Joseph Story, Book III, Pages 746-7, Paragraphs 1889-90
"§ 1889. The next amendment is: "A well regulated militia being necessary to the security of a free state, the right of the people to keep and bear arms shall not be infringed."
§ 1890. The importance of this article will scarcely be doubted by any persons, who have duly reflected upon the subject. The militia is the natural defence of a free country against sudden foreign invasions, domestic insurrections, and domestic usurpations of power by rulers. It is against sound policy for a free people to keep up large military establishments and standing armies in time of peace, both from the enormous expenses, with which they are attended, and the facile means, which they afford to ambitious and unprincipled rulers, to subvert the government, or trample upon the rights of the people. The right of the citizens to keep and bear arms has justly been considered, as the palladium of the liberties of a republic; since it offers a strong moral check against the usurpation and arbitrary power of rulers; and will generally, even if these are successful in the first instance, enable the people to resist and triumph over them.2 And yet, though this truth would seem so clear, and the importance of a well regulated militia would seem so undeniable, it cannot be disguised, that among the American people there is a growing indifference to any system of militia discipline, and a strong disposition, from a sense of its burthens, to be rid of all regulations. How it is practicable to keep the people duly armed without some organization, it is difficult to see. There is certainly no small danger, that indifference may lead to disgust, and disgust to contempt; and thus gradually undermine all the protection intended by this clause of our national bill of rights.1"

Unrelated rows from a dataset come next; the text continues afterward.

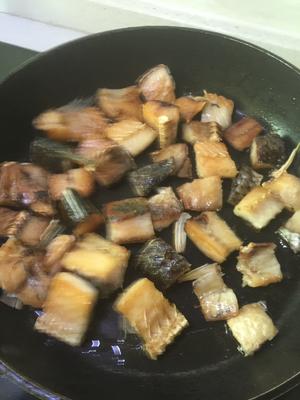 湖北豆豉蒸腊鱼的做法 步骤1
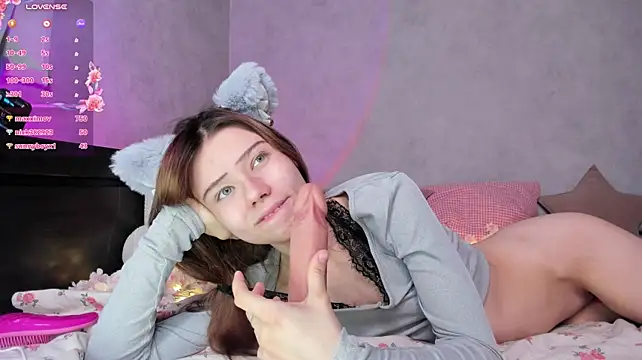 Cosmo_cowgirl - Taste my own pussy :D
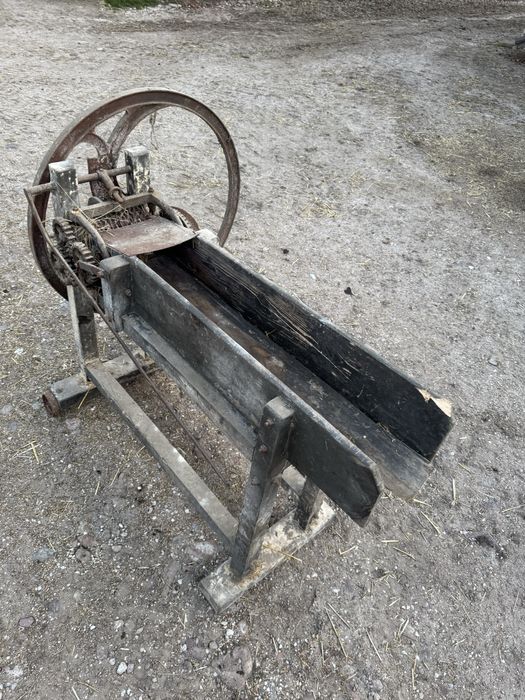 Sieczkarnia reczno kieratowa lada 1971r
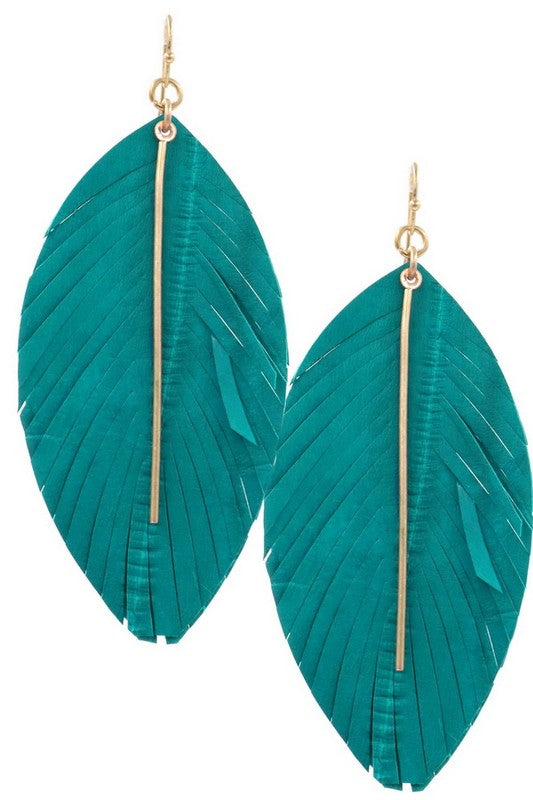 FAUX LEATHER FEATHER WITH METAL BAR DROP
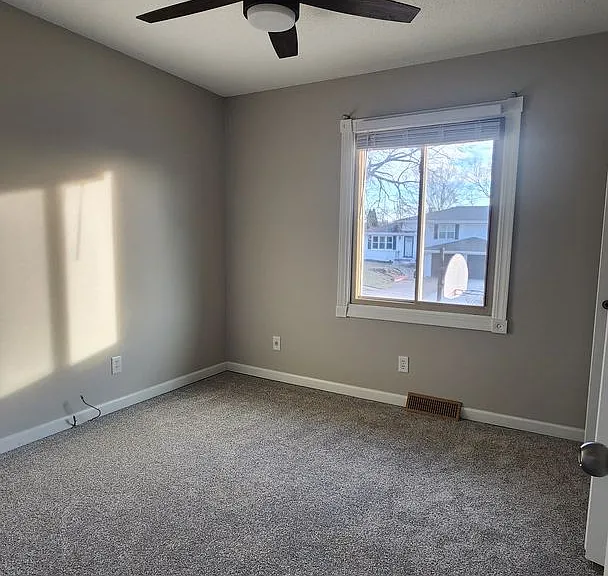 11430 Sunburst St — Photo 11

What does any of this have to do with millitary assault weapons in the hands of regular citizens? If you go to the Southern Poverty Law site, you will see how home grown mallita terrorist groups that have these weapons, as well as C-4 plastic explossives, have had their destructive plans stoped by the F.B.I. from killing literally thousands of fellow citizens. Most owners of assault weapons are part of these groups, and their intension is to take over the Govt. when the great race war starts! In other words, they are dellusional, dangerious people. I am a gun owner, and have collected all of these weapons over the years,ie. thompsons, ar-15 ect. I do not need them to protect my home, and family! I think that a Glock, 22 rifle, shotgun and a 22 mag. are all I will ever need for that purpoise. I say get rid of the assault weapons. Former combat vet.
This is an outstanding piece of work, Dave. I salute you for it.
As a frequent albeit variably effective defender of the second amendment over dinner conversations, etc. I have always wanted to dig into the hisorical records and do just such an analysis. Your approach and your analysis are exactly right. It makes perfect sense.